In a spring boot application, I have application.yaml file with properties as

files:
  paths: /csvfiles/

While in src/main/resource, we have a folder named csvfiles which contains the list of csv files which I want to read.

I am trying to search the same, but didn't get any proper way to achieve the same.

getClass().getResourceAsStream("/files/paths") cal only be used to get the particular file but not the list of files.

After listing all the files, I want read them sequentially

Upvotes: 1

Views: 5345

Answers (4)

jeeva nantham
jeeva nantham

Reputation: 843

List<File> result = Files.walk(Paths.get("classpathname"))
.filter(Files::isRegularFile)
.map(Path::toFile)
.collect(Collectors.toList());

This result will gives you list of file and their content.

Upvotes: 0

rzwitserloot
rzwitserloot

Reputation: 103018

It's YourClass.class.getResourceAsStream, not getClass(), which has the potential to break if you subclass stuff.

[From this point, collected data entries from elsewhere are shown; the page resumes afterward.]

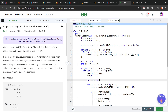Hi everyone, I hope you are doing well. In this video we are going to discuss GeeksforGeeks problem of the day, and today's problem is 'Largest Rectangular Submatrix Whose Sum is 0' and it is a hard problem. The problem basically says that we have been given a matrix of dimensions N cross M and we have to find the largest rectangular submatrix by area whose sum is 0.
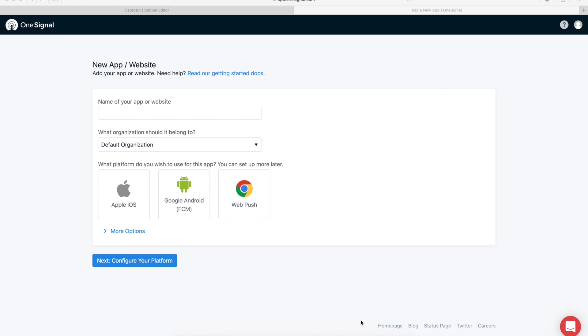What is up everybody, this is Andre and I'm going to show you how to set up your OneSignal Pro plugin on Bubble, the plugin that I made. I'm going to start with OneSignal.com, how you set up your app.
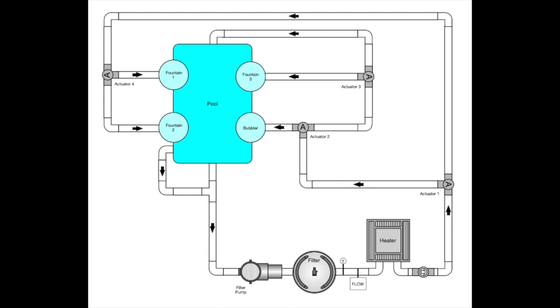If you follow along here, you can see that the first actuator sends water to Actuator 4 and Actuator 2. Actuator 4 directs water to either Fountain 1 or Fountain 2, and Actuator 2 services the bubbler in Actuator 3. And finally, Actuator 3 sends water to either Fountain 3 or back to the pool.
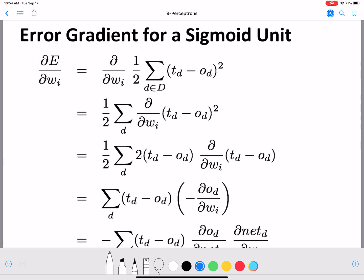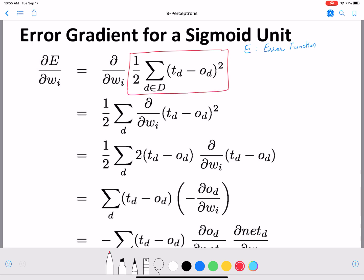E is the error function which we defined for perceptrons, and that is nothing but one-half times the summation over small d in capital D of (td minus od) squared. This entire thing is the error function.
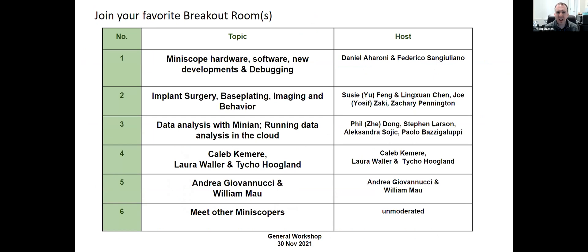After this first initial session, we're going to have breakout rooms. We've changed the breakout rooms from yesterday. We're going to have three miniscope-based breakout rooms covering hardware and software, experimental implementation, and data analysis. The speakers from the first session are also going to be available in breakout rooms if you have questions about their work or want to connect with them. And there's an unmoderated room if anyone wants to hang out and meet other people.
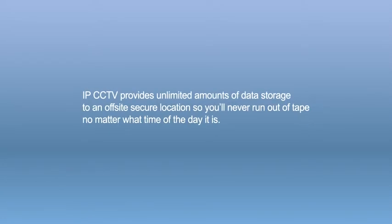IP CCTV provides unlimited amounts of data storage to an offsite secure location, so you'll never run out of tape no matter what time of the day it is.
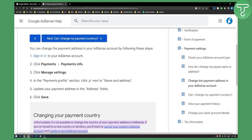Now for some people, it will ask for a PIN, or you will be brought to a website where you will need to enter your PIN and wait for like two or three weeks. If that happens, you will need to wait for the PIN to arrive at your address, and then you just write it in.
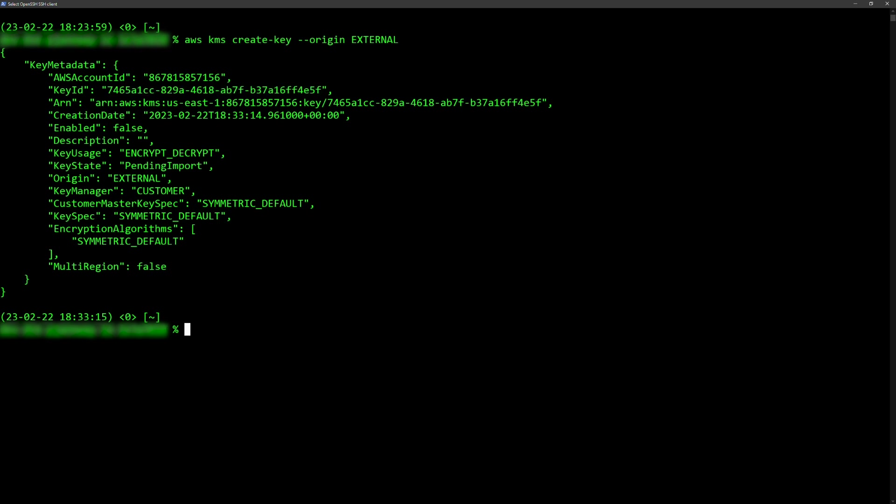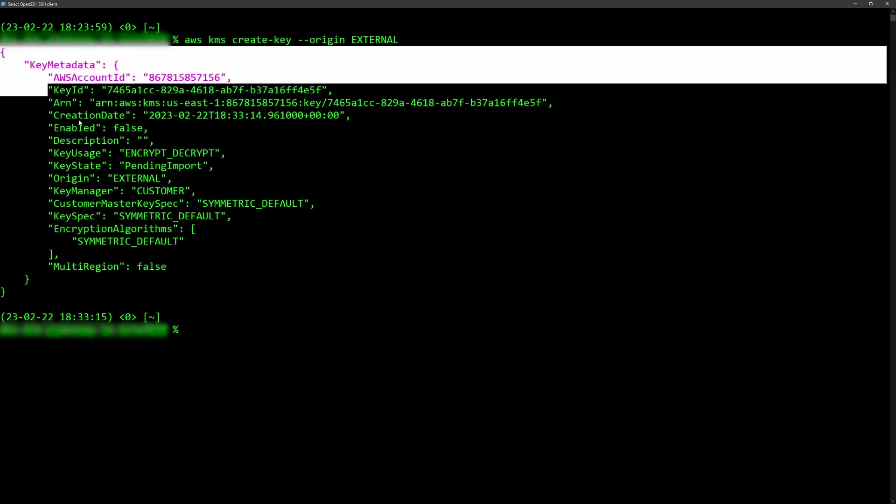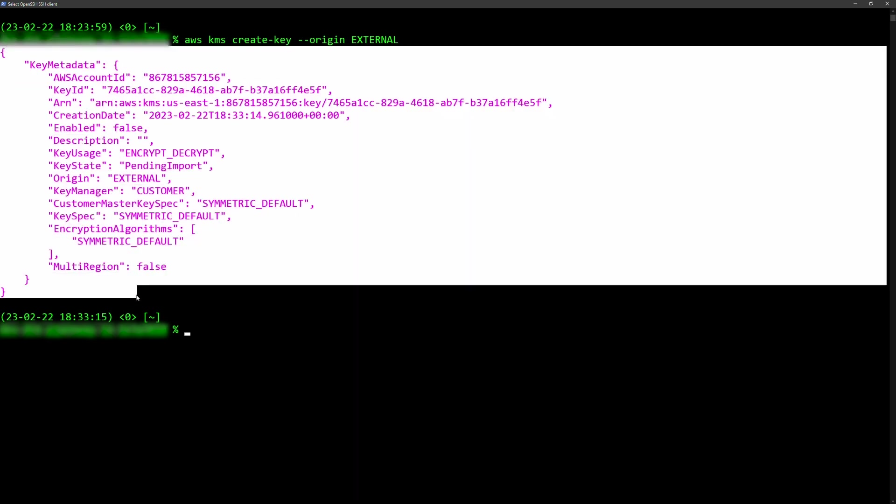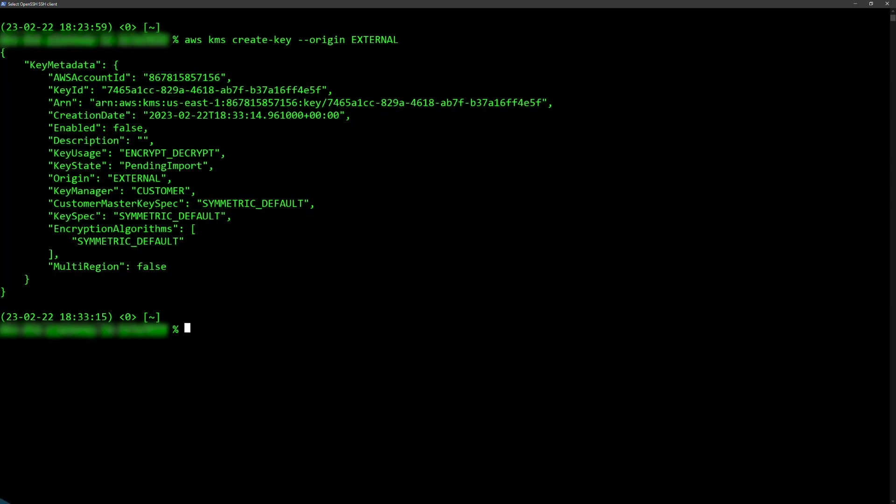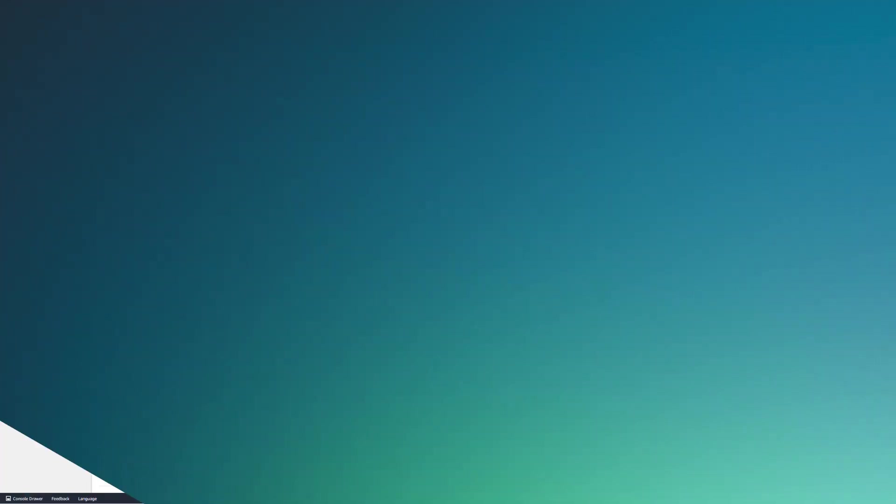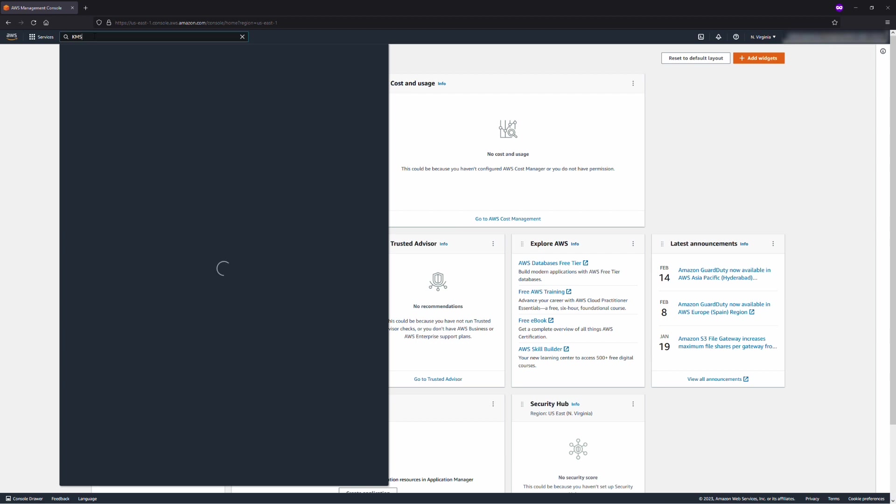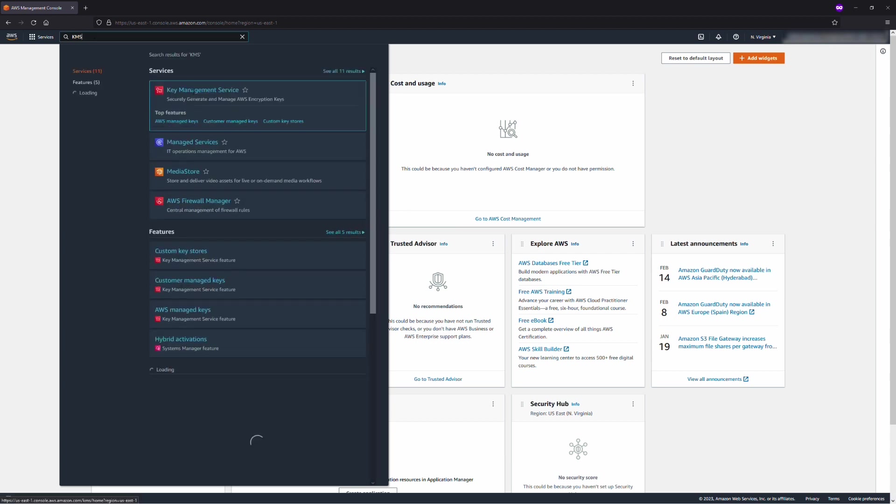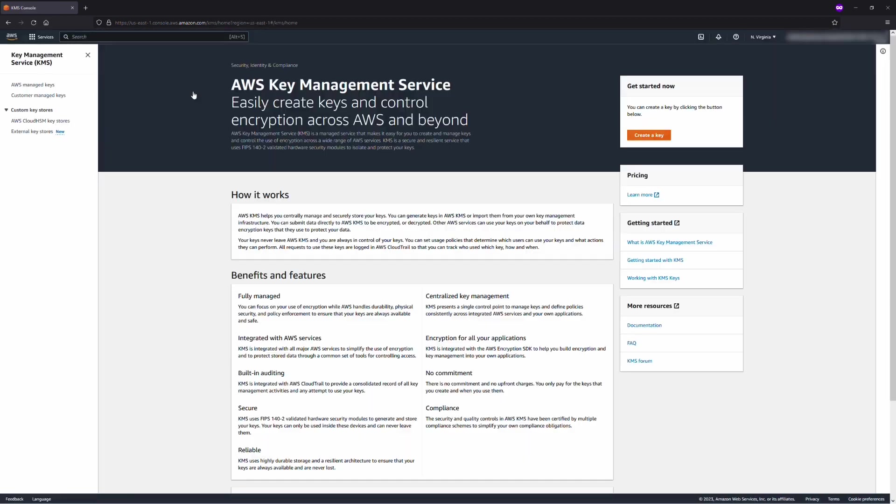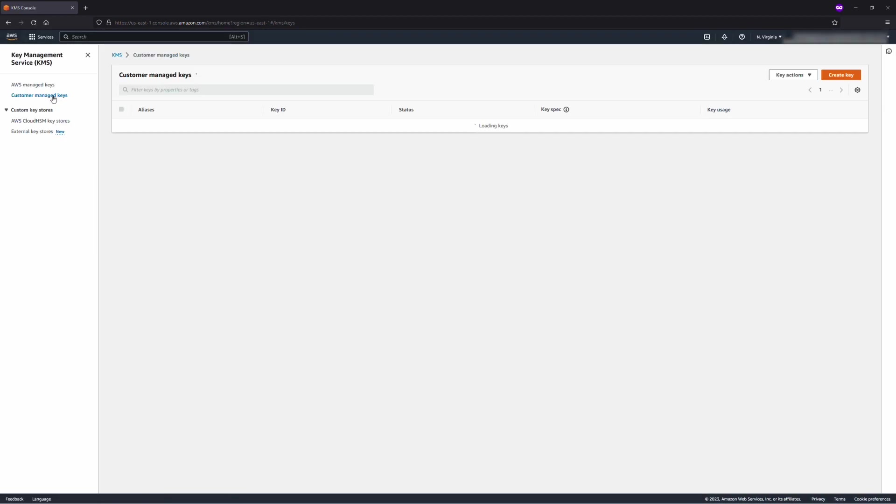You'll see the following output to confirm the command ran successfully. You can also verify this in the console as well. Click on Customer Manage Keys.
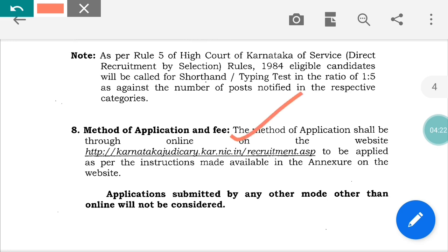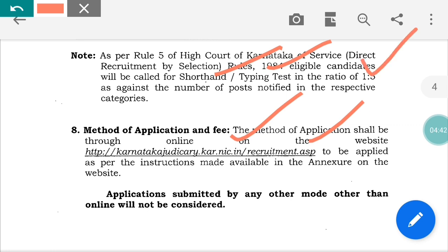If you have a typing test, you will also be able to take the viva voce. For 1 to 5 posts, the viva voce will apply. The shortlist will be updated on the website.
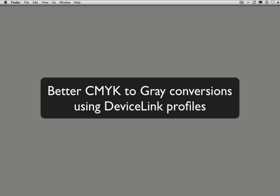Hi, I'm Dietmar Fuchs and in this video tutorial I will explain why we need a device link profile to convert from CMYK to grey.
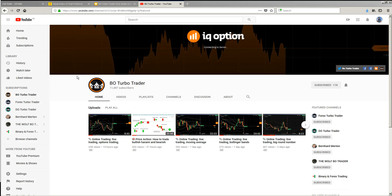Hi traders, here's a new video. This video will be a short one. I want to show you only how to use the search function, because I got inspired by one of my Facebook group staff members who is posting every month, showing new members how to use the search function. That's the reason why I'm doing this video.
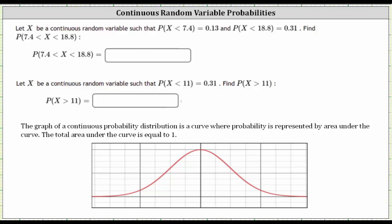The graph of a continuous probability distribution is a curve where a probability is represented by area under the curve, and the total area under the curve is equal to one, which equals 100%.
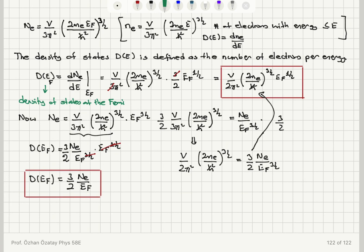We should clarify that this is the density of states at the Fermi level, not the general density of states. For a maximum energy equal to εf, this is the density of states as a function of the maximum energy the electrons can have.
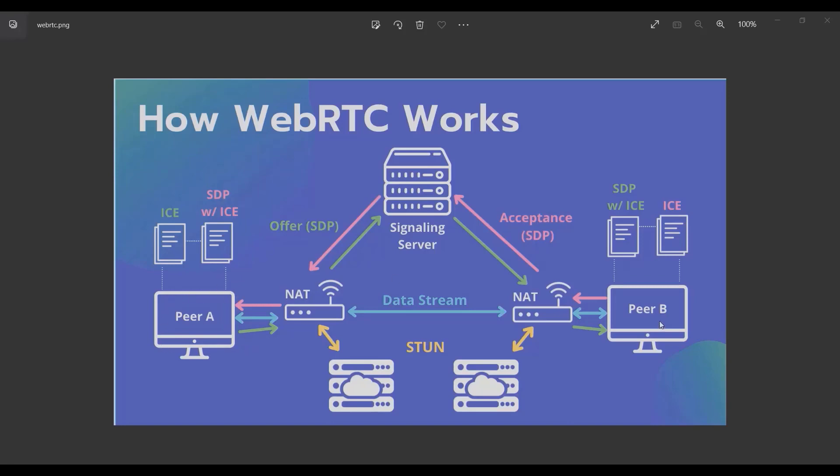Imagine peer A creates its own description and gives it to peer B, and also peer B gives its information to peer A. So they have each other's information such as IP address, what kind of call like video or audio you want to make, video type, audio type, and stuff like that.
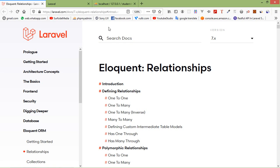Hi everyone, welcome back to the Laravel 7 tutorial. In this video, we are going to learn about Eloquent Relationship 1 to 1.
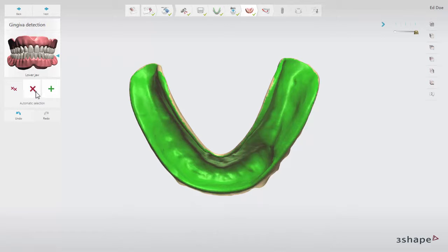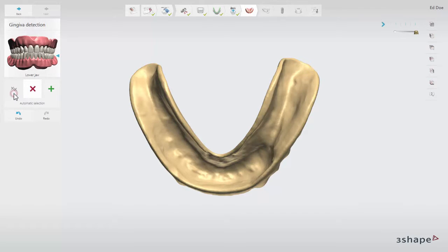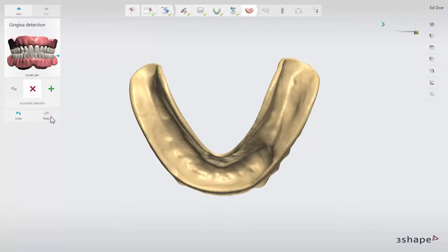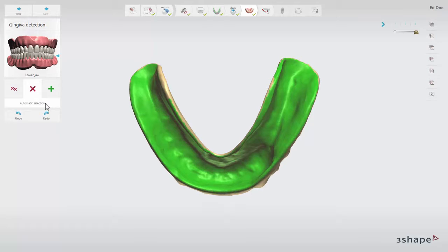To edit the marked area, click the Remove button to deselect it partially. Click the Clear Selection button to remove the whole selection. Use the Undo and Redo buttons to cancel or restore the last action respectively at any step. You can always enforce automatic gingiva detection with automatic selection.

the getResource mechanism fundamentally doesn't know what folders are and cannot give you a listing. Period. ClassLoaders are an abstraction, they can be implemented as reading jar files, directories on a disk, but also loading from a network, retrieving from a database, or generated on the fly, and crucially, there simply is no please list folder contents option, so whatever you find out there (and there's some libraries and such) are hacks that fail to work in such cases.

The common solution is to create a text file that lists the resources. Now you are no longer dependent on the unavailable 'list files' operation: Instead, you ask for all editions of that text file on any classpath entry, and then just read every file so listed. When applied to classes, this is called the SPI system (Service Provider Interface). Built into java.* itself is the ability to read them, though they are designed for classes, not files, so I'm not sure the SPI system directly applies here. The principle works fine, though.

If you want this to be automated, as part of your build you'd have to generate that file automatically. Not sure how you'd do that with spring boot, you may have to maintain it by hand.

An example:

class CsvResource {
  
  public CsvResource(String name) {
    try (var in = CsvResource.class.getResourceAsStream("/csvfiles/" + name)) {
      read(in); // you write this one.
    }
  }

  public static List<String> getAvailableNames() {
    try (var in = CsvResource.class.getResourceAsStream("/csvfiles/listing.txt")) {
      Arrays.stream(
        new String(in.readAllBytes, StandardCharsets.UTF_8).split("\s*\\n\s*"))
        .filter(x -> !x.isEmpty())
        .filter(x -> !x.startsWith("#"))
        .collect(Collectors.toList());
    }
  }
}

It would be fair to catch IOException, especially for missing csvfiles, and rewrap into a runtime exception - that file not being there at runtime is a developer or devops error, and those should be Errors or at least RuntimeExceptions.

Upvotes: 1

Abhijit Sarkar
Abhijit Sarkar

Reputation: 24578

Assuming your code is built into an executable jar, there’s no src/main/resources in the jar. What you can do is list the contents of the jar file, and then based on the path of each entry, select the ones with csvfiles in the path.

To find out which jar a class is from, see this. To list the contents of a jar file, see this.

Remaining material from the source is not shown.